The Chairman of the Governors Forum, Mr. Abdulrahman Abdulrazaq of Kwara State, the Chairman of the Progressives Governors Forum, Mr. Hope Uzodinma of Imo State, the Minister of Finance and Coordination Minister of the Economy, Wale Edun, and the Attorney General of the Federation, Lateef Fagbemi (SAN), were also at the ceremony.
One of the four bills is the Nigeria Tax Bill (Ease of Doing Business), which aims to consolidate Nigeria’s fragmented tax laws into a harmonised statute.
“By reducing the multiplicity of taxes and eliminating duplication, the bill will enhance the ease of doing business, reduce taxpayer compliance burdens, and create a more predictable fiscal environment,” said the Presidency in a statement on Wednesday night.
The second bill, the Nigeria Tax Administration Bill, will establish a uniform legal and operational framework for tax administration across federal, state, and local governments.
The Nigeria Revenue Service (Establishment) Bill, the third bill, repeals the current Federal Inland Revenue Service Act and creates a more autonomous and performance-driven national revenue agency— the Nigeria Revenue Service.
It defines the NRS’s expanded mandate, including non-tax revenue collection, and lays out transparency, accountability, and efficiency mechanisms.
The fourth bill is the Joint Revenue Board (Establishment) Bill.
It provides for a formal governance structure to facilitate cooperation between revenue authorities at all levels of government.
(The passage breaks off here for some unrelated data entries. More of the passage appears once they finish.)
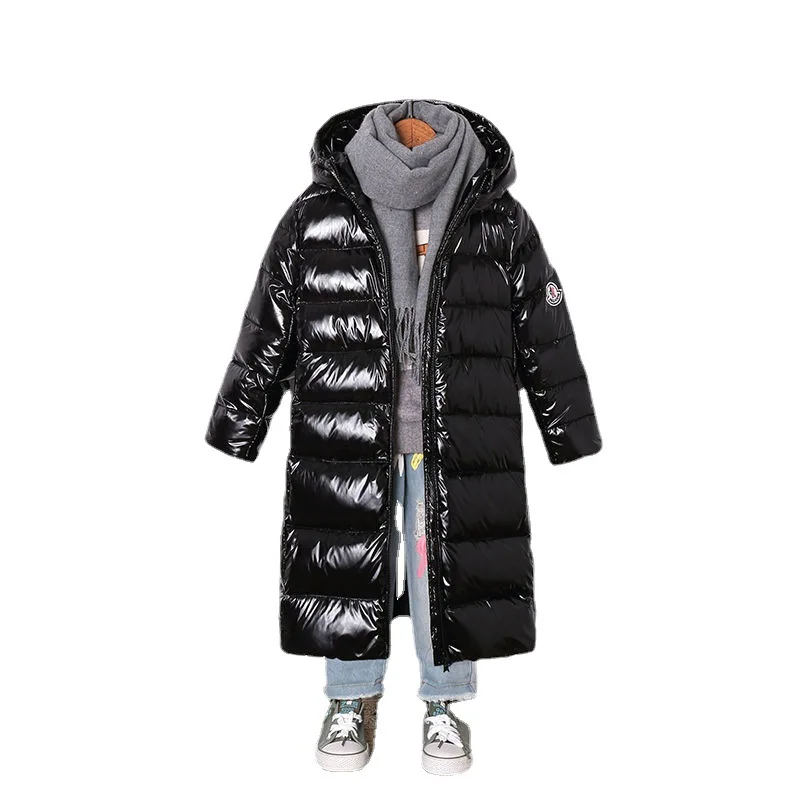 2021 Winter Down Coat Children's Down Jacket Cotton Kids Keep Warm Boy Girls Padded Solid Color Stand Long Thick Plain Dyed
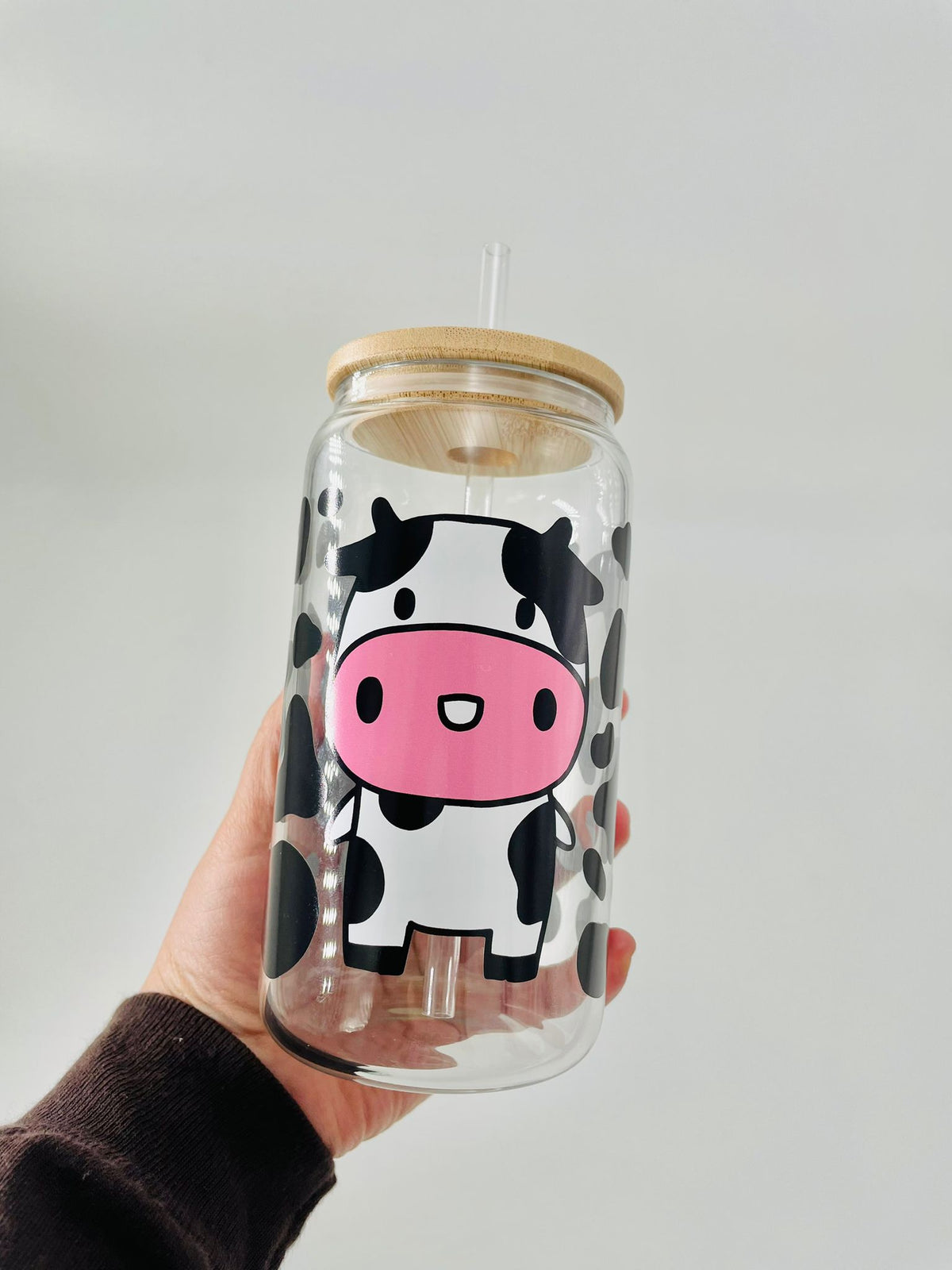 Kawaii Black Cow Libbey Can Glass 16 oz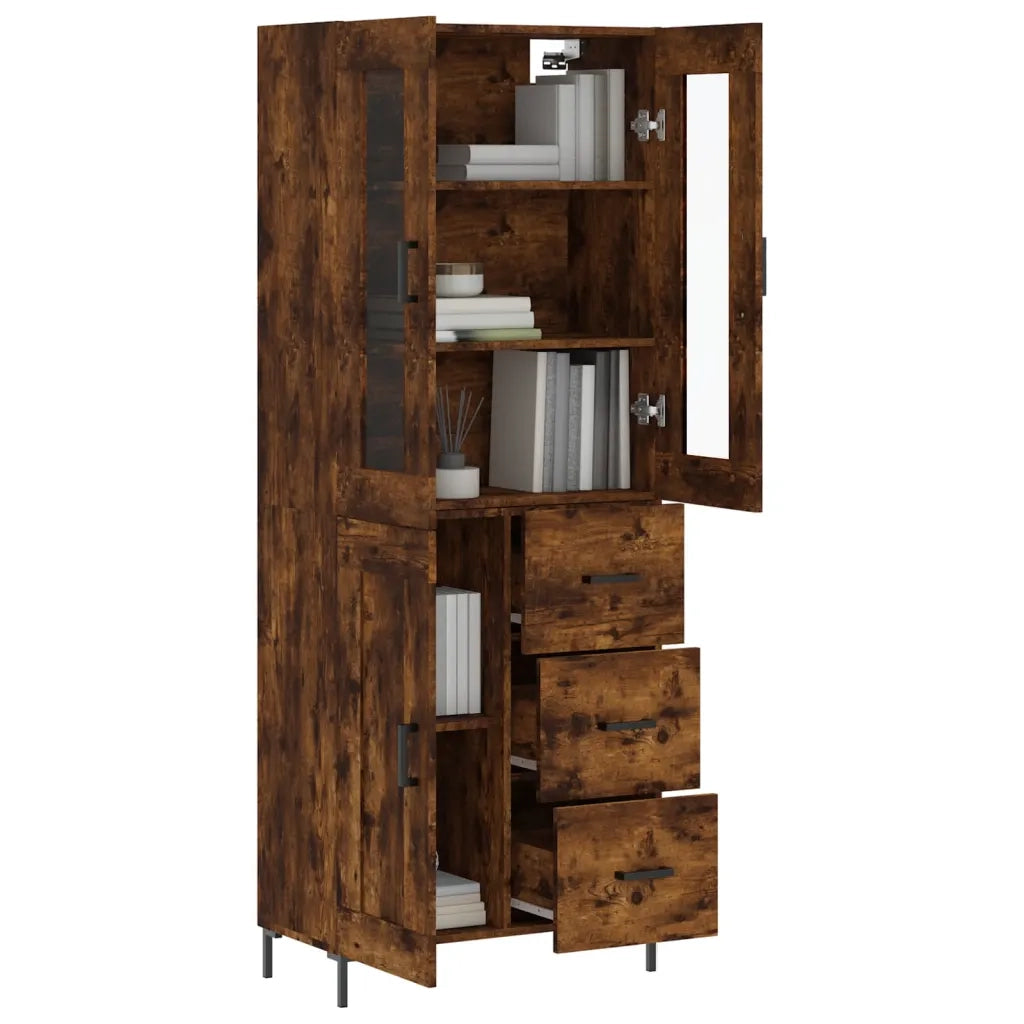 Credenza | Madia | Buffet da pranzo | Armadio da pranzo Rovere Fumo 69,5x34x180 cm in Legno Multistrato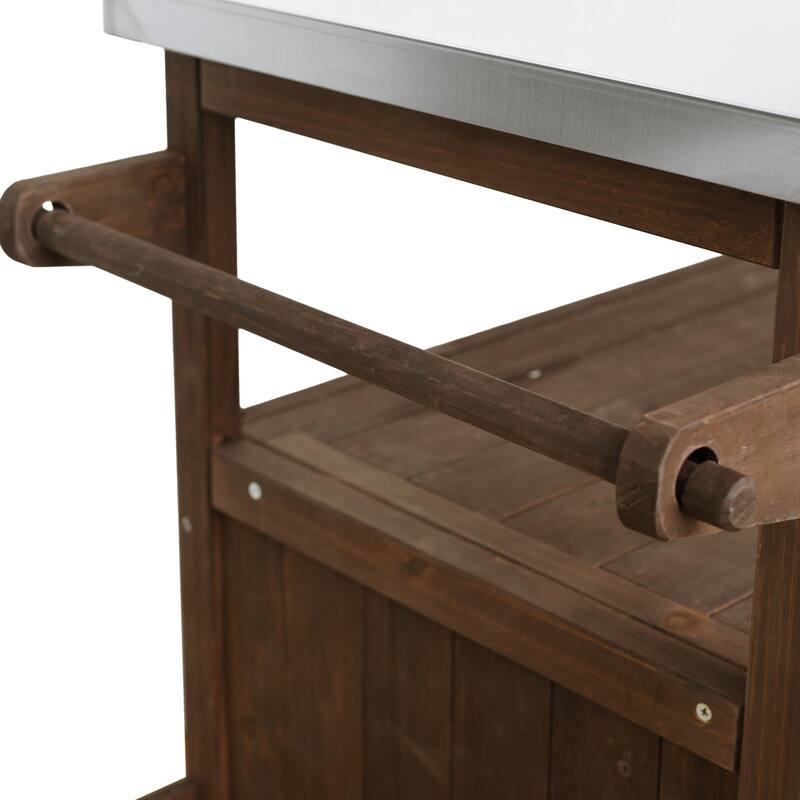 Christopher Knight Home - 54.33" Solid Wood Mobile Outdoor Kitchen Cart with Stainless Steel Top & Spice Rack & Lockable Wheels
It introduces essential oversight mechanisms, including establishing a Tax Appeal Tribunal and an Office of the Tax Ombudsman.
Persecondnews recalls that President Bola Tinubu had in October 2024 transmitted the four tax reform bills to the National Assembly for consideration and passage.
The bills, drafted by the Presidential Committee on Tax Reforms and Fiscal Policy, aim to revolutionize Nigeria’s tax landscape by overhauling the existing tax laws, promoting exports, and streamlining tax administration.
However, the bills faced stiff opposition, mainly from the Northern parts of the country, particularly from Northern governors who had described the bills as “anti-North.”
The debates of the bills took a divisive turn, pitting the North against the South, with the contentious issue of VAT sharing formula at the forefront of the controversy.
The National Economic Council (NEC) chaired by Vice-President Kashim Shettima had urged President Tinubu to withdraw the contentious bills for further consultations across the country.
Tinubu, however, stood his grounds, asserting that all concerns regarding the bills should be addressed during deliberation in the National Assembly, instead of withdrawing the bills.